The end result has put the DOT in a $1 billion deficit.
Just days before the audit was released, the state's transportation secretary Mrk Gottlieb resigned.
According to the report, 19 major highway projects cost twice as much as first estimated.
"It's not acceptable but it's not uncommon either," driver Paul Baumler said. "A lot of people low ball a bid and when the final project comes in, you're paying more than expected.
The report also discovered the cost of 16 ongoing projects increased by more than $3 billion.
There are discussions happening now to determine how to close the budget shortfall without major delays of key projects like the Zoo Interchange.

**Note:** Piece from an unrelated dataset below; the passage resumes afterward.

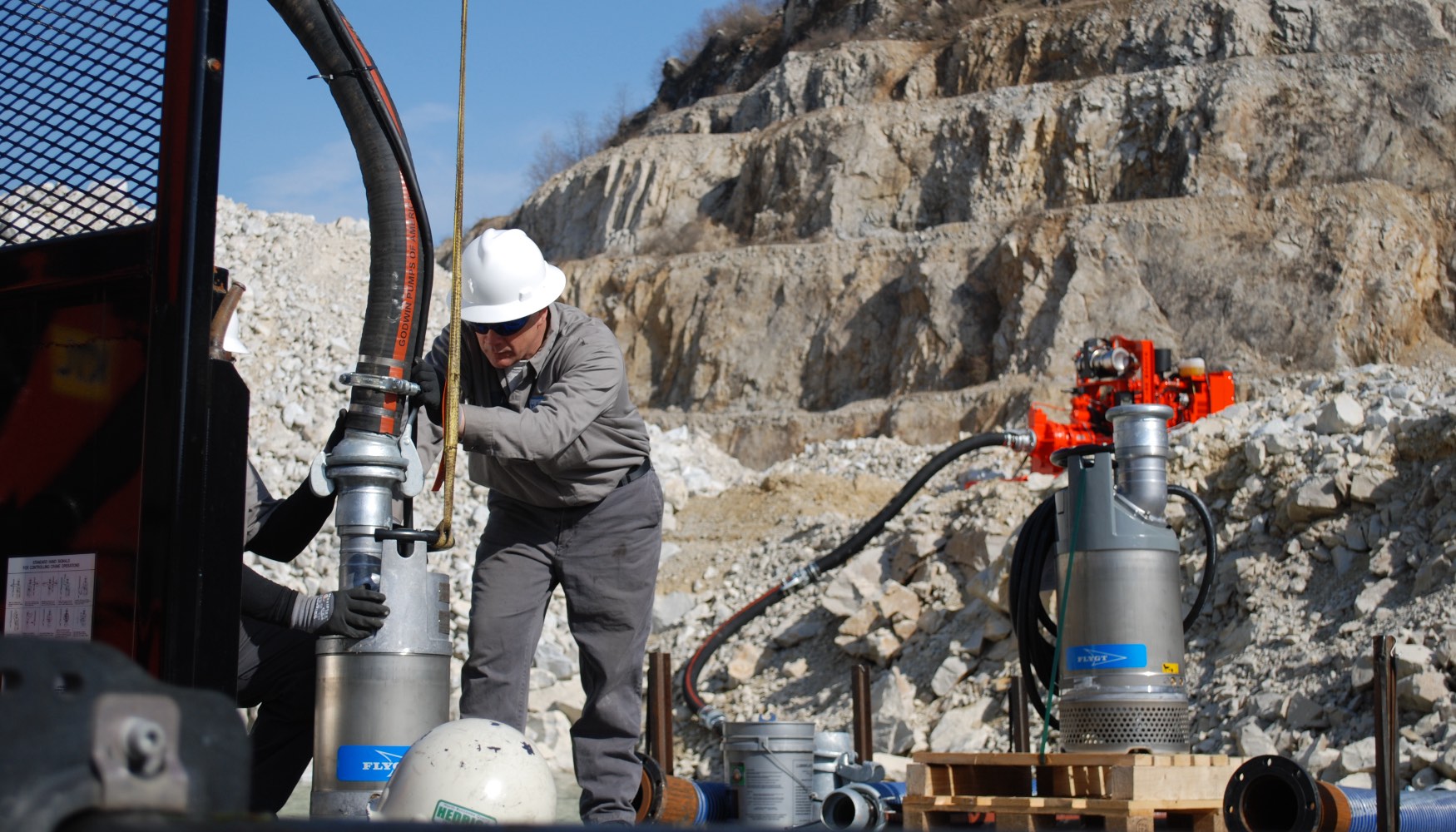 El completo portafolio de Xylem cubre desde necesidades de achique ligero hasta bombeos de gran escala en condiciones crticas...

The interchange project is now delayed by two more years. The project is estimated to be fully complete by 2022.
One option to balance the budget is to raise transportation-related taxes and fees.
It's an alternative that brings in mixed opinions.
“I guess if you really want good roads and we need higher taxes at the gas pump, I think it’s okay," driver Rena Martin said. "We can’t go like this. Everything else is going up. The only thing that didn’t go up is my social security this year.”
"They need to look at the books again and stop pushing it on taxpayers," driver Sam Zarzana said. "We pay a lot of taxes as it is and I think they need to reconfigure things without stepping on the little guys."
The audit bureau also said the DOT could have done more to control engineering, construction and maintenance costs, and that it is not consistently using performance measures to improve its operations.
Michael Pyritz, a spokesperson for the Wisconsin DOT southeast region, would not comment on the audit.
New DOT Secretary Dave Ross sent out the following statement Thursday:
"My goal for the DOT is to maximize Wisconsin’s transportation infrastructure without increasing the burden on taxpayers. The Legislative Audit Bureau report provides a roadmap to improved efficiency and transparency at the DOT. As the new Secretary, I couldn’t ask for more timely help."
TODAY'S TMJ4 also reached out to Governor Walker's office for comment.
His spokesperson sent us the following statement:
"The bottom line is we shouldn't even be thinking about raising the gas tax or fees until we find every last cost savings at the DOT," spokesperson Tom Evenson said. "The audit shows we can find more savings. We welcome the opportunity to deliver services taxpayers expect at a price they can afford."